Implementing high availability and disaster recovery

High availability (HA) and disaster recovery (DR) are requirements for production deployments that use IBM Fusion Data Foundation. A crucial consideration is removing single points of failure on the various layers of the environment. The goal is to avoid planned and unplanned outages and ensure continuous operation.

The considerations for HA and DR include the following:

  • All layers of the environment must be included to secure continuous operations of the workload.
  • Application development and DevOps need to ensure that new services can be deployed and operated without downtime that is also known as rolling updates.
  • The operational procedures are well defined and consider HA and DR.

IBM virtualization and the IBM Z platform provide best practices and mechanisms for setting up highly available environments, including replication, failover, and shifting of workload between systems. This makes it a perfect match for ensuring continuous operations (for example, redundancy of hardware elements). Red Hat OpenShift Container Platform (RHOCP) adds with its cluster-based implementation, the ability for automatic failover of workloads within the same cluster.

In addition to the considerations for high availability, there are several topologies, which can be applied to implement disaster recovery and involve a second data center site for redundancy. In case of a disaster the secondary site takes over and run the entire workload. Each site is referred to as an availability zone.

The first set of topologies is based on the Red Hat OpenShift software stack.

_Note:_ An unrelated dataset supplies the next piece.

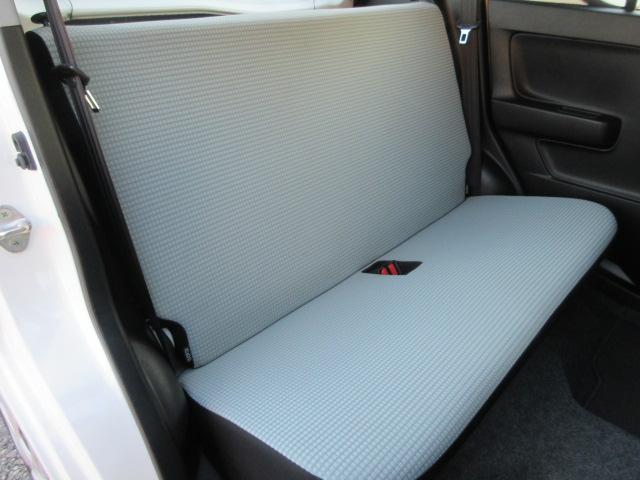 アルト Ｆ　車検２年付き　５ＡＧＳ　オートギヤシフト　ＭＴモード　純正ＣＤデッキ　ＡＵＸ付　ＥＴＣ　エコモード　ヘッドライトレベライザー（33枚目）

High availability and disaster recovery are implemented in software. This implementation adds an abstraction layer, which is application-scoped and hardware agnostic.

  • High availability with a single stretched cluster across 3 availability zones.
  • Regional disaster recovery: 2 separate clusters with asynchronous replication of data and active/passive configuration.
  • Metro disaster recovery: 2 separate clusters in a active/active configuration and with synchronous replication of data in an external IBM Storage Ceph environment, which is stretched across the data centers.
Note: For IBM Z and IBM® LinuxONE Regional and Metro DR are supported starting with Red Hat OpenShift Data Foundation 4.14.1 (in combination with RHACM 2.9). Currently Regional DR is only supported for a fresh installation (not a deployment that is upgraded from earlier releases)

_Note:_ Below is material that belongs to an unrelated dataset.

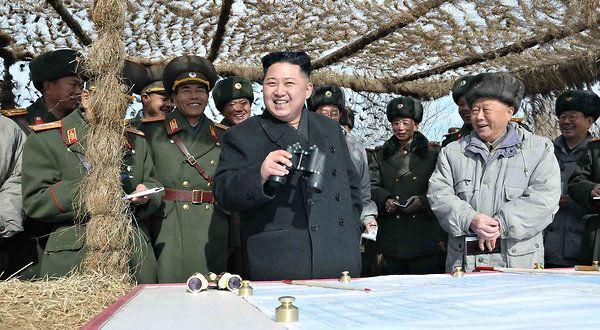 Kim Jong Un 2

A hardware-based option to achieve disaster recovery is based on IBM Geographically Dispersed Parallel Sysplex (GDPS) technology, which is implemented based on mirroring of the storage hardware and agnostic to the running applications. GDPS allows synchronous and asynchronous mirroring for metro and global distance. GDPS also adds management capabilities for nodes and network switches.

Note: GDPS is supported based on VSAM LDS as local disks and running on IBM zCX.

The different topologies for HA and DR are described in the following sections.

Figure 1. Topologies for setting up disaster recovery on (logical) software level
The content of this image is explained in the surrounding text.
Figure 2. Topologies for setting up disaster recovery on the hardware level
The content of this image is explained in the surrounding text.
Figure 3. Differences between disaster recovery based on logical software and hardware layers
The content of this image is explained in the surrounding text.

It needs to be emphasized that the mentioned DR topologies using the Red Hat OpenShift software stack are based on the fundamental assumption that hardware is unreliable and software must implement resilience. As this assumption is not true for IBM Z, the combination of resilience in software combined with resilience in hardware results in a reliable overall system.

The hardware-based resilience is focused on keeping a system alive by all means by using redundancy. The software-based resilience replaces failing instances immediately with new software deployments created fresh from a CI/CD pipeline and automation. This different point of view is often referred to as dealing with precious "pets" versus abundant "cattle".

Figure 4. Differences between hardware-based resilience ("pets") versus software-based resilience ("cattle")
The content of this image is explained in the surrounding text.